Mais les lendemains déchantent. À la ferveur du printemps succède la répression d’un pouvoir qui se renfrogne. Le roman n’élude pas la brutalité du retournement de situation: «Le rêve finit par s’évanouir… Le langage de la matraque a repris ses « droits ». Arrestations massives. Emprisonnements arbitraires… Personne n’est épargné.» En quelques mois, l’utopie populaire est brisée, laissant place à une chape de désillusion. Ce basculement tragique s’incarne dans le destin de Slim, le plus idéaliste des trois. Incapable de supporter la trahison de ses espoirs, rongé par l’amertume, Slim finit par se suicider, symbolisant dès lors l’échec des jeunes Algériens à s’approprier leur pays. Hajar Bali donne une portée sacrificielle à cette figure de mentor: Slim apparaît comme un martyr de la révolution avortée, un de ces êtres d’exception qui se consument lorsque l’Histoire reprend ses droits les plus cruels.
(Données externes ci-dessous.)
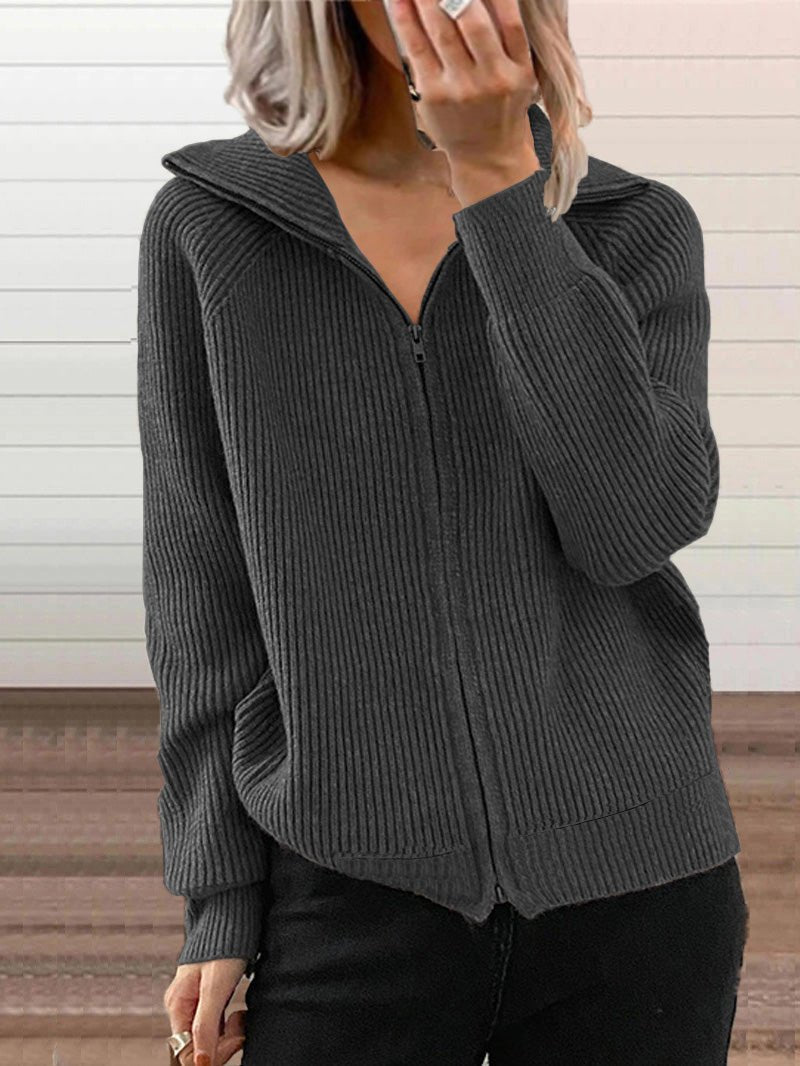 Cardigan épais en coton avec fermeture éclair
Adel et Wafa tentant de recoller les morceaux de leur vie sous un régime redevenu oppressif. Deux ans après la révolte manquée, le couple vit sous le coup d’une interdiction de sortie du territoire national, comme tant d’autres jeunes ayant pris part aux manifestations. L’étau s’est à nouveau resserré: la sécurité d’État traque les contestataires, parle de «supposées menaces extérieures» et promet de «leur ôter l’envie de recommencer leurs balades du vendredi». La contre-révolution triomphe, l’«espoir agonise», et Wafa comme Adel n’attendent plus qu’une chose: la levée de leur interdiction de voyager pour enfin s’envoler vers Montréal et réaliser ce vieux projet d’exil. La boucle est bouclée, tragiquement.

«Partout le même ciel», Hajar Bali, 320 pages. Éditions Belfond, 2025. Disponible en précommande dans les librairies.